I have always enjoyed reading the Psalms, especially those attributed to David. But the other day something occurred to me that had never occurred to me before. I was reading Psalm 101, a psalm of David, where the psalmist writes, No one who acts deceitfully will live in my palace; no one who tells lies will remain in my presence. Every morning I will destroy all the wicked of the land, eliminating all evildoers from the Lord’s city (Psalm 101:7-8, HCSB). Those verses sound great, but David didn’t seem to live up to them. His children raped and murdered each other but David never seemed to remove them from the palace. He allowed Joab to stick around even though the military commander had killed his rivals in peace time and in cold blood. He himself plotted and schemed to kill Uriah to hide his own adultery with Bathsheba. David himself did not live up to the standard he set here. Shouldn’t that invalidate the whole thing?
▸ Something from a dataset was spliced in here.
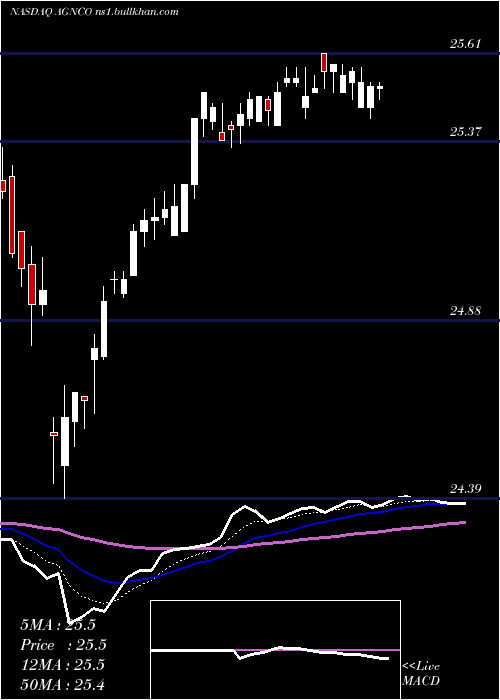  Daily chart AgncInvestment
All of us fail and fall far short of perfection, but that doesn’t mean that we shouldn’t continue to hold the standard of perfection in front of us as something to strive for. Sometimes, our weakness and failures serve as a reminder of how important it is to hold up a standard of perfection. The idea that we should stop striving for perfection because we can’t ever reach it is like telling a baseball player to stop swinging the bat because he doesn’t hit every ball or a musician to stop playing because she plays a wrong note from time to time. We don’t strive for perfection because we can ever reach it on our own, but because striving for perfection points us in the right direction, even when we fail and act like hypocrites. We must maintain a realistic outlook that remembers we will sometimes fail but that keeps us pointed in the direction of perfection as we move forward.
Don’t give up the standard because you fall short of it. Just allow it to point you in the right direction.